To Whom It May Concern: It's another Friday of Mountain Dew and Complete Boredom at Work
The urge to smoke stronger than ever. And I'm whining. Rather loudly. It's unsightly.
Damnit. I guess i'm more addicted to cigarettes than i thought i was.
The patch is not working - of course it isn't, since every time i put it on, i have to take it off twenty minutes later, if i want to stay alive. It makes me dizzy. Not fuzzy, euphoric, pot high kind of dizzy - but "I'm about to pass out" kind of dizzy, with splitting headaches, 80/40 blood pressure, nausea and vomiting. Sorry for graphic details. It was bad. Really bad. Didn't help that first time i tried it on, it was late in the afternoon and I had not had dinner yet. I thought that maybe the full patch was too strong for me - but nope, half has the exact same effect. The other day i had to turn around and walk back home so that i don’t faint in the street, in the middle of all that traffic. How pathetic would it be to die from an attempt to quit smoking? Or nicotine overdose. But that's exactly what this whole quitting business is doing to me. I've been irritable, bitchy, headachy and plain depressed for the last several days. Why am i doing this again? Oh yeah, so that i can run happily ever after for forty five minutes a day, three days a week. That's right. When's my next marathon again?

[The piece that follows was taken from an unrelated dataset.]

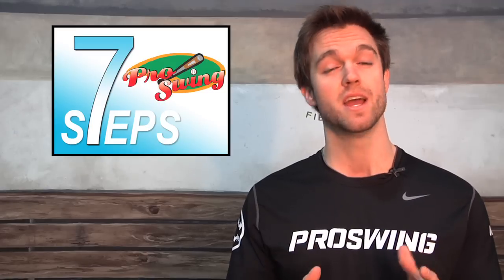Hello everyone, it's Matty Maher here from Pro Swing of Port Chester. A few days ago we were lucky enough to have the New York Yankees hitting coach Kevin Long in our facility giving some hitting instruction. Here at Pro Swing we preach the seven steps to the perfect swing, and Coach Long shares a lot of our philosophies.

I need to devise a new plan for quitting. The patch's not working.
i guess i was looking for an easy way out, hoping that it would make me not want to smoke. Of course it isn't going to work. What did i expect? Did i innocently and naively believe that tobacco companies would actually allow an easy and effective way of quitting to be roaming freely out there in the open market?

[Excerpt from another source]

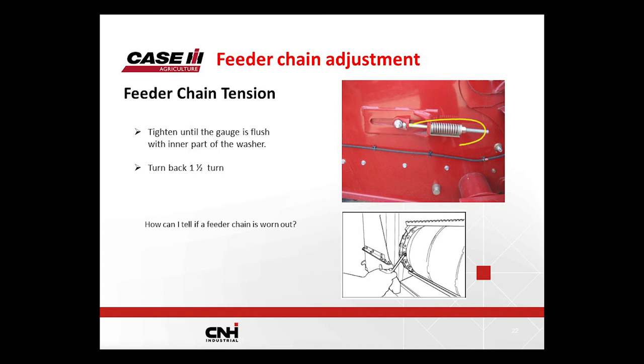For feeder chain adjustment, there's a gauge on the bottom — it needs to be flush with the inside of the washer. There's a spacer inside the spring the same length as the gauge. When you tighten the bolt, it bottoms out on the spacer and the gauge automatically flushes with the inside of the washer. If you keep torquing beyond that, it'll just over-tighten the chain. I recommend tightening until it turns a lot harder, then back off half a turn — you'll be right in the ballpark.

Well, maybe there is no easy way out and it's going to take more time and commitment than i'm willing to dedicate to at this point. But perhaps, if i keep working on it, one less smoked cigarette at a time, i will, eventually, wean myself off of this habit. Just like it was with the recovery from eating disorder - it took time. A long time. And headaches. and stomachaches, and weight gain, and dizziness. And relapses. Many many relapses - but it worked in the long run, didn't it?

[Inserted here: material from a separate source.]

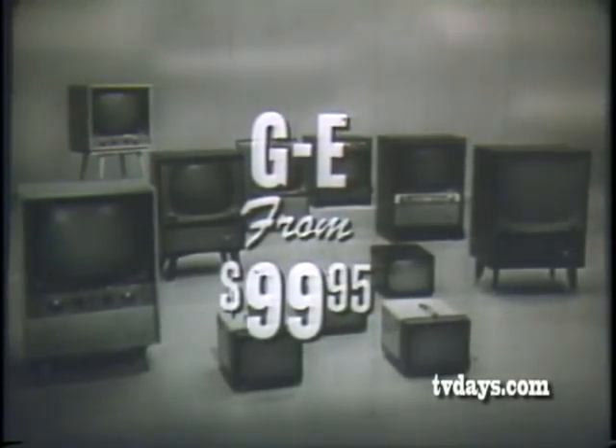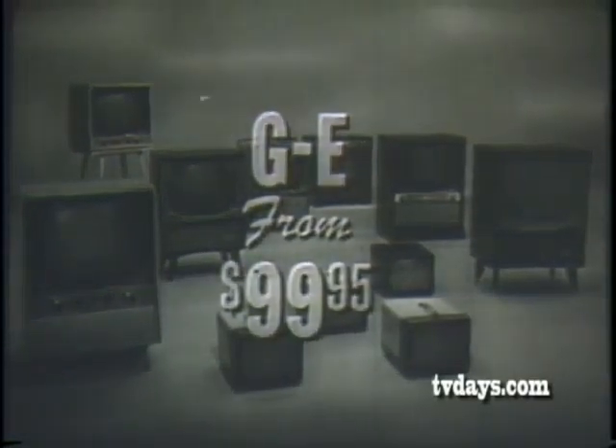General Electric prices start at $99.95.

Need to write a blog on overcoming eating disorder, because the way i make it sound here appears way too easy-breezy. I also need to start writing that damn paper on effectiveness of foreign aid, or the lack of it thereof. Got a World Bank report of nothing but two hundred pages of bullshitting on the effectiveness of development assistance, without providing any statistical or other evidence. The whole point of the report summing up to yeah, aid works, it's efficient but there is no way to prove it. Of course. Sure the World Bank is being effective fighting poverty. The amount of funds it spends on organizing seminars, and conferences and trainings and shipping one confused consultant from one corner of the world to another. Business class travel. VIP reception and nothing less. As J. Maarten Troost said in "The Sex Lives of Cannibals", the World Bank is very concerned about alleviating poverty, one consultant at a time. Or something along those lines. The only reason for the whole organization to exist is to keep airliners and five star hotels in business. And that, we have to agree, is a significant contribution to global economy. Transfer of funds from one wealthy pocket into another. Plus you appear concerned and nobel and oh-so-altruistic in the process. Nice. Funds are disbursed as shown on paper. Where they go is a matter of little importance. We have the numbers. They're satisfactory. We've got something to brag about at the next UN or whatever other summit that may cost an annual budget of an entire Pacific island to organise . And write another two hundred page BS report.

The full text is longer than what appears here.